Short web captions

################

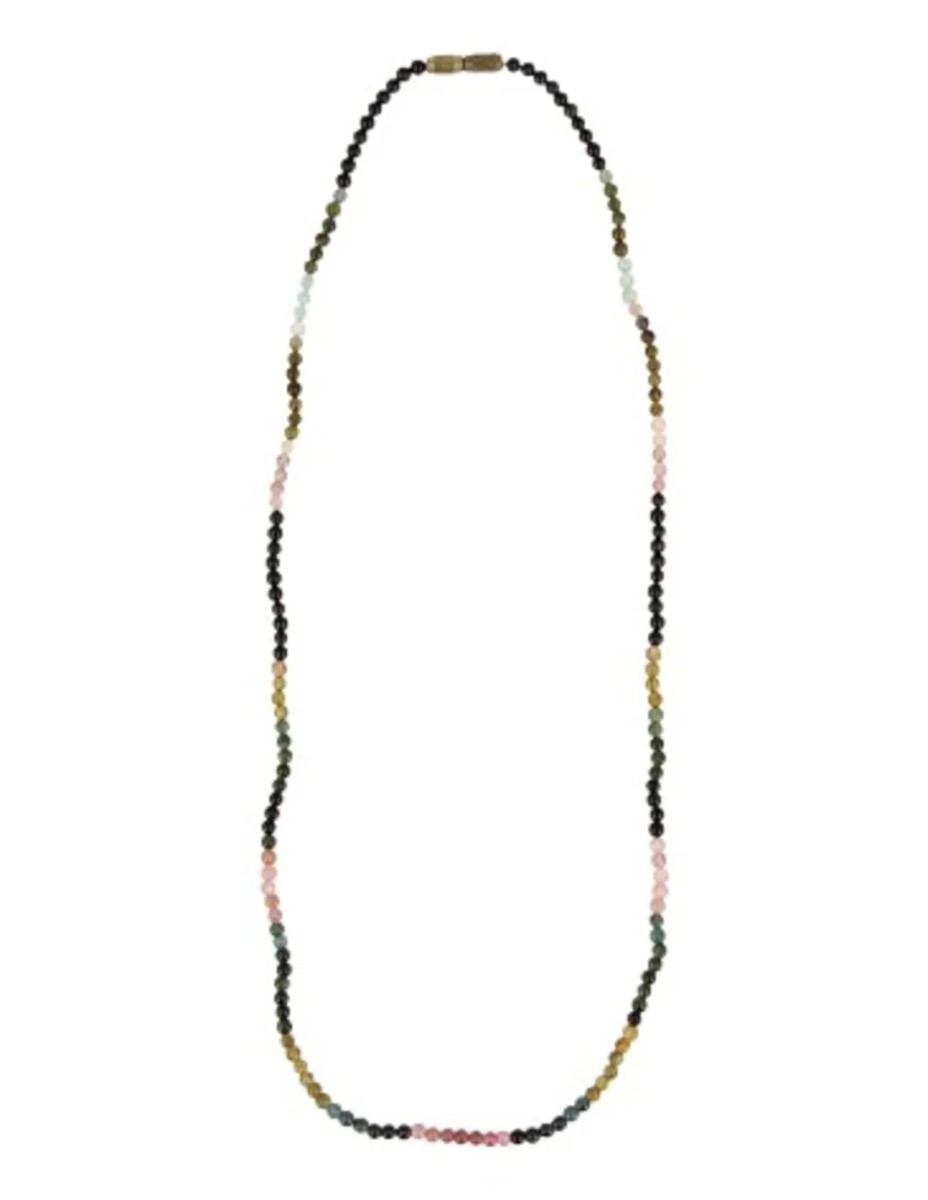 Toermalijn watermeloen collier rond 3mm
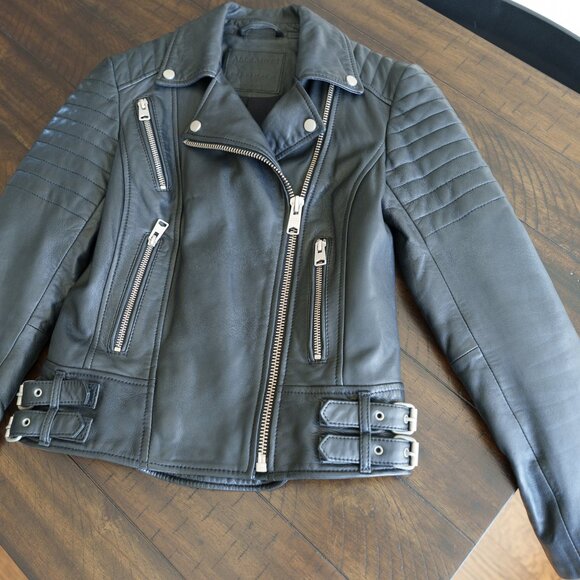 AllSaints Papin Leather Biker Jacket in Black - Picture 12 of 16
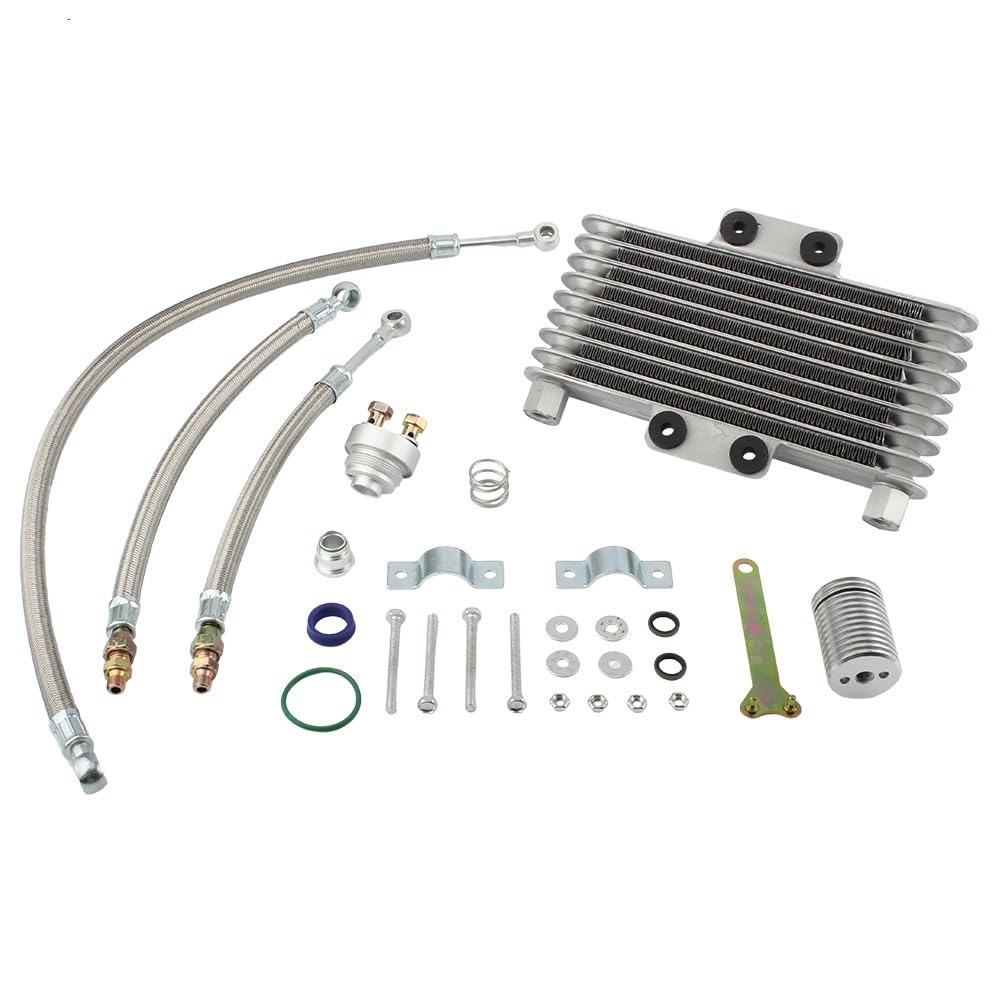 Water Cooler Ölkühler Motorrad-Ölkühler/Passend for K TM/Passend for Honda/Passend for Yamaha/Passend for Kawasaki 125cc bis 400cc Benzinkühlung 12-reihig Tuning Enduro Motocross von HYUDXH
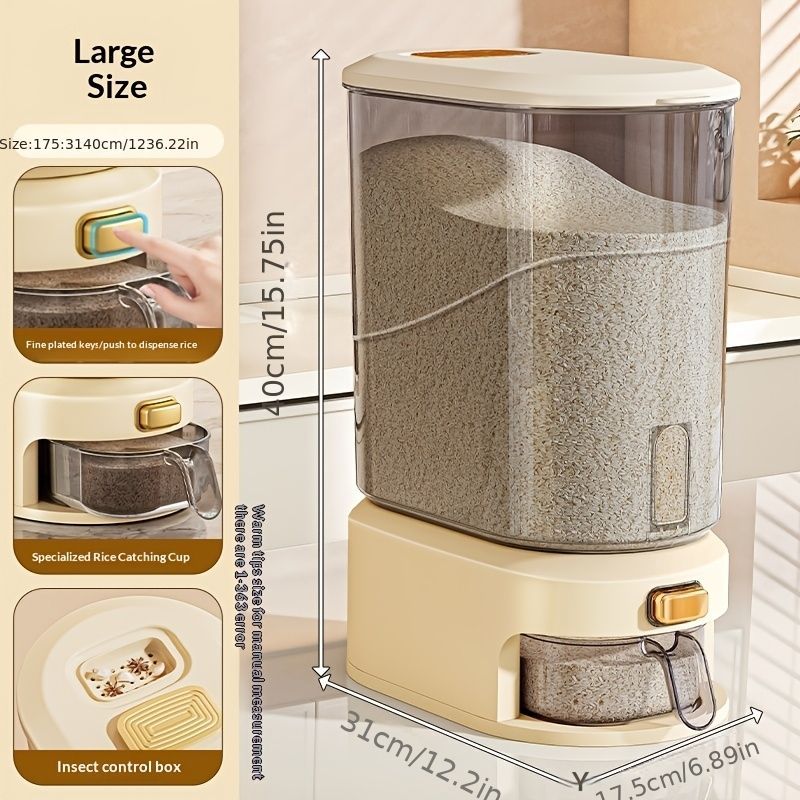 large capacity rice dispenser, measuring cup, time scale, plastic grain storage container, sealed food storage, insect proof food storage, moisture proof food storage, flour storage, pet food storage, Australian kitchen - gray and transparent - Size 20L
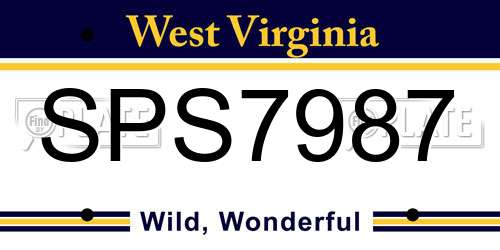SPS7987 West Virginia License Plate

################

#### [Problem details]
Repeat exactly the lines above, beginning at the one containing "AllSaints Papin Leather" and ending at the one containing "Water Cooler Ölkühler". Do not carry over any pictures.

#### [Exercise output]
 AllSaints Papin Leather Biker Jacket in Black - Picture 12 of 16
 Water Cooler Ölkühler Motorrad-Ölkühler/Passend for K TM/Passend for Honda/Passend for Yamaha/Passend for Kawasaki 125cc bis 400cc Benzinkühlung 12-reihig Tuning Enduro Motocross von HYUDXH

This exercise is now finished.